** Opening Data extract block **
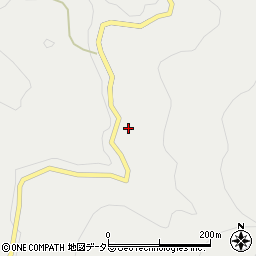 静岡県浜松市天竜区佐久間町佐久間1645周辺の地図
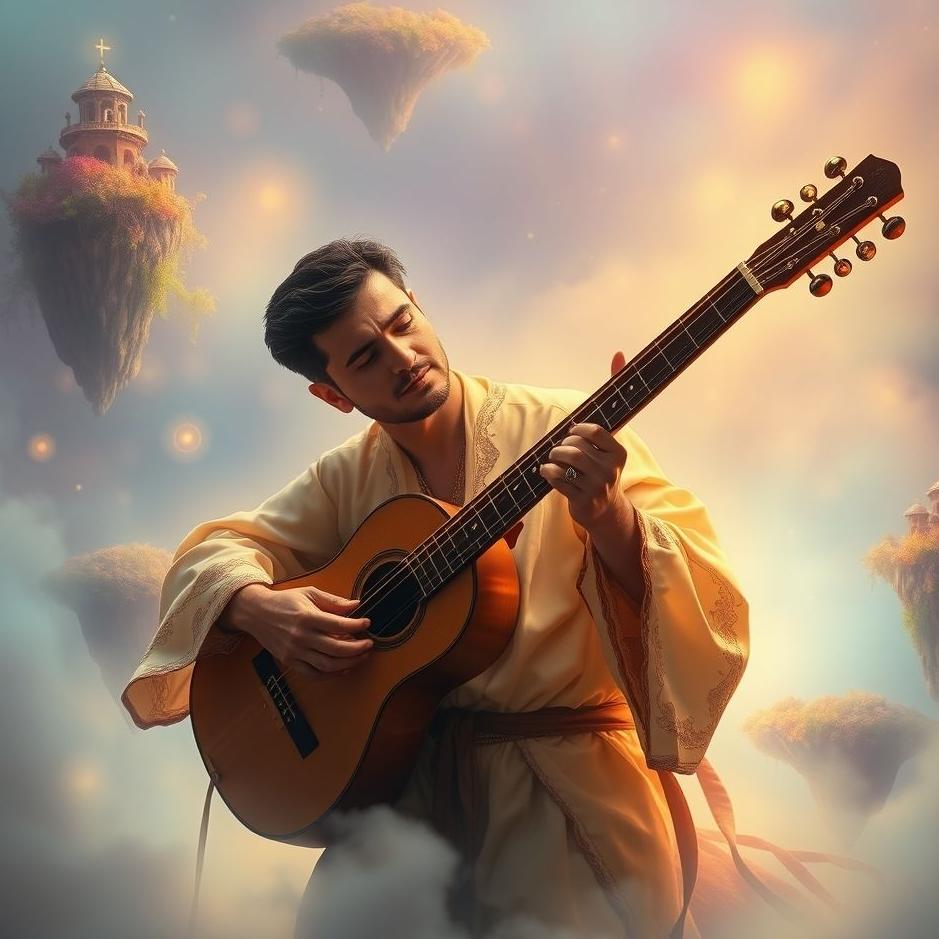 Dream : Saz player in a dream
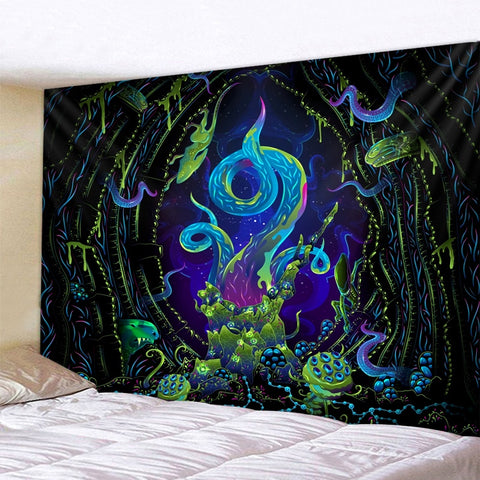 Abstract Art Tapestry-ToShay.org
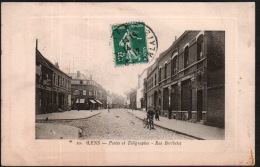 DC2714 - LENS - POSTES ET TÉLÉGRAPHES - RUE BERTHELOT - Lens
** Closing Data extract block **
What is required — Set down all of the material above exactly as written, leaving the pictures out.

Answer —
 静岡県浜松市天竜区佐久間町佐久間1645周辺の地図
 Dream : Saz player in a dream
 Abstract Art Tapestry-ToShay.org
 DC2714 - LENS - POSTES ET TÉLÉGRAPHES - RUE BERTHELOT - Lens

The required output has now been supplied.